Start of Source data
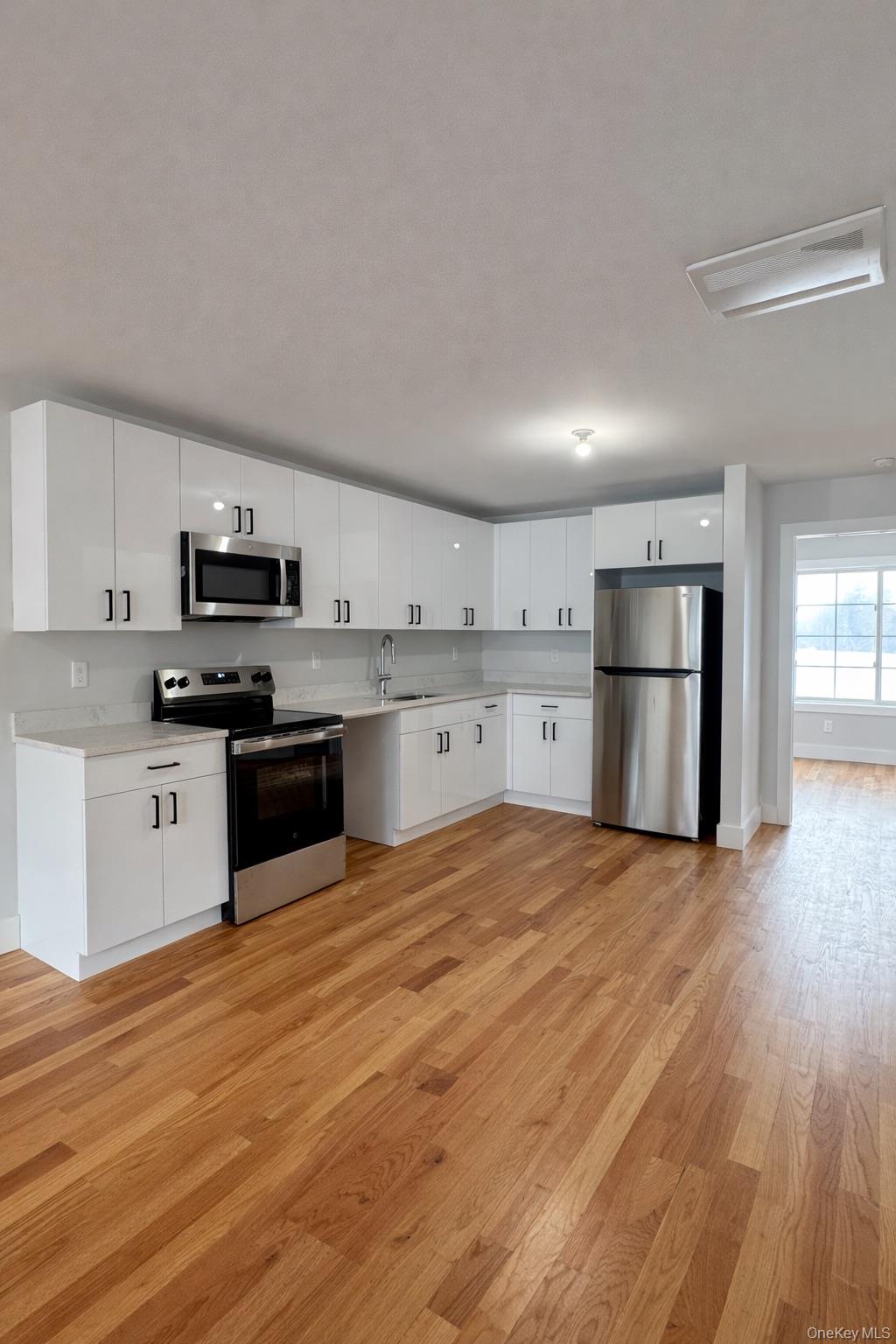 1140 Highway 52, Unit 5 Loch Sheldrake, NY 12759 - Photo 4 of 22 a kitchen with stainless steel appliances granite countertop a refrigerator oven a stove top oven and a sink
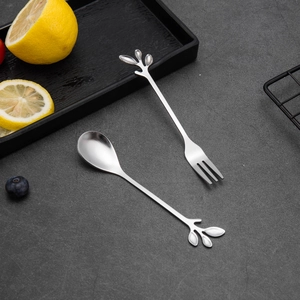 Detail of silver leaf-shaped stainless steel spoon and fork set on textured background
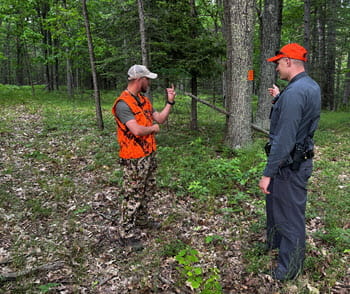 student talks to a instructor in the woods during a scenario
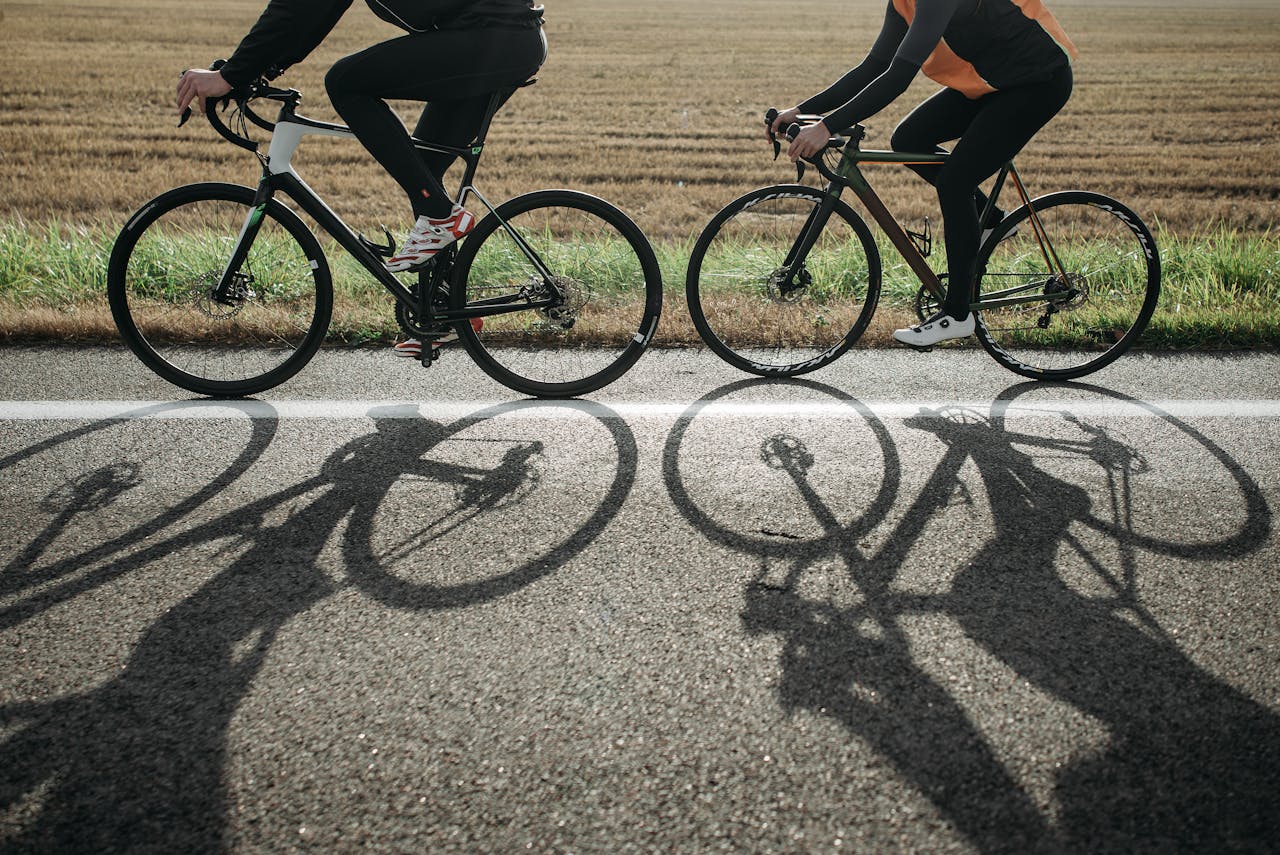 Doi cicliști, surprinși din lateral pedalând pe șosea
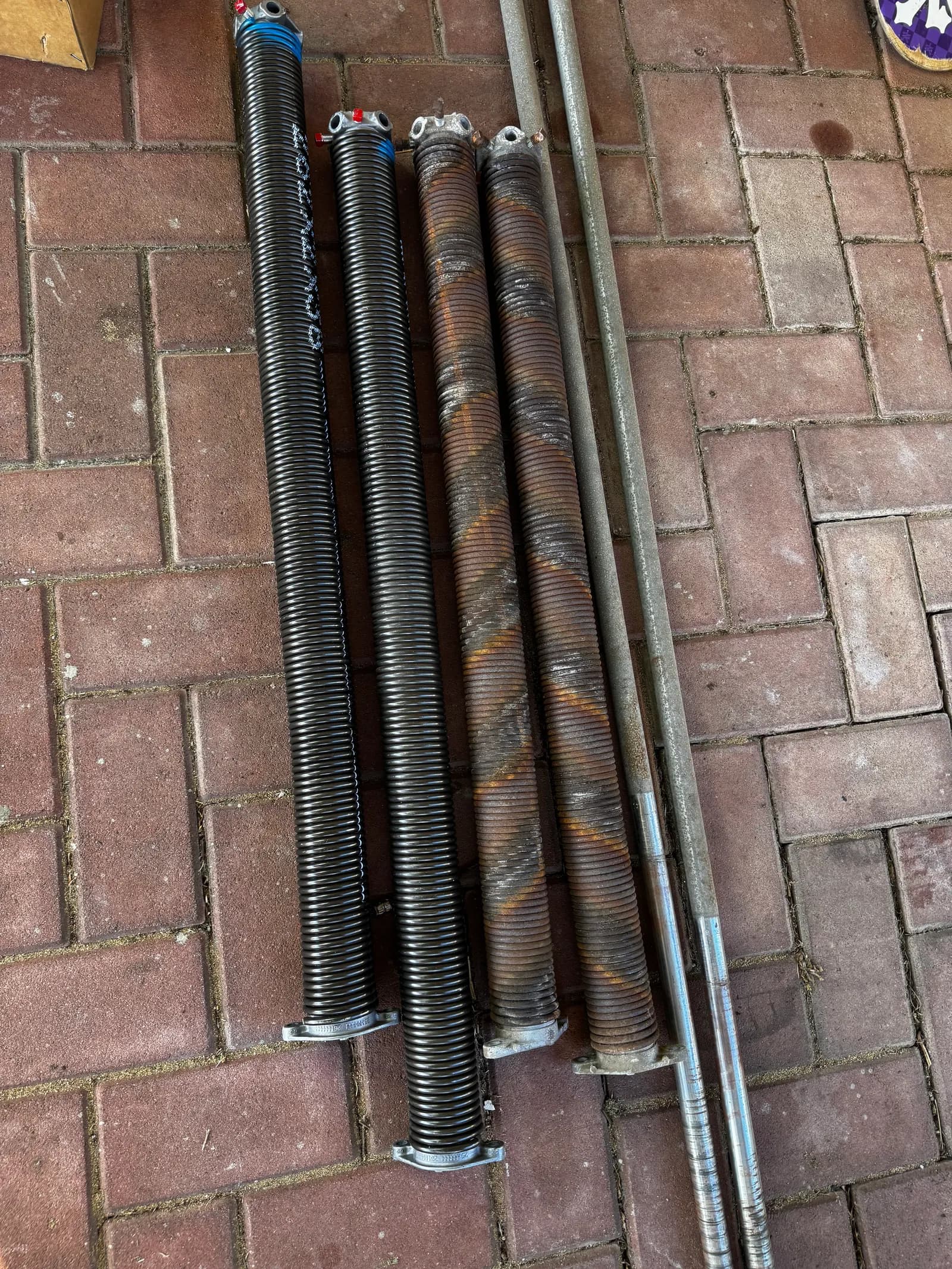 Old rusted springs and shaft laid out next to the new springs and torsion pipe Old rusted springs and shaft laid out next to the new springs and torsion pipe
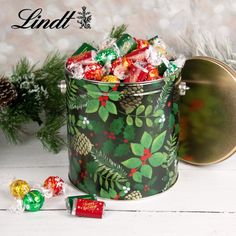 a christmas tin filled with assorted candies next to pine cones and candy canes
End of Source data
Take the lines above from the top of the records through the one with "Doi cicliști, surprinși" and repeat them exactly, without any pictures.

**The answer:**
 1140 Highway 52, Unit 5 Loch Sheldrake, NY 12759 - Photo 4 of 22 a kitchen with stainless steel appliances granite countertop a refrigerator oven a stove top oven and a sink
 Detail of silver leaf-shaped stainless steel spoon and fork set on textured background
 student talks to a instructor in the woods during a scenario
 Doi cicliști, surprinși din lateral pedalând pe șosea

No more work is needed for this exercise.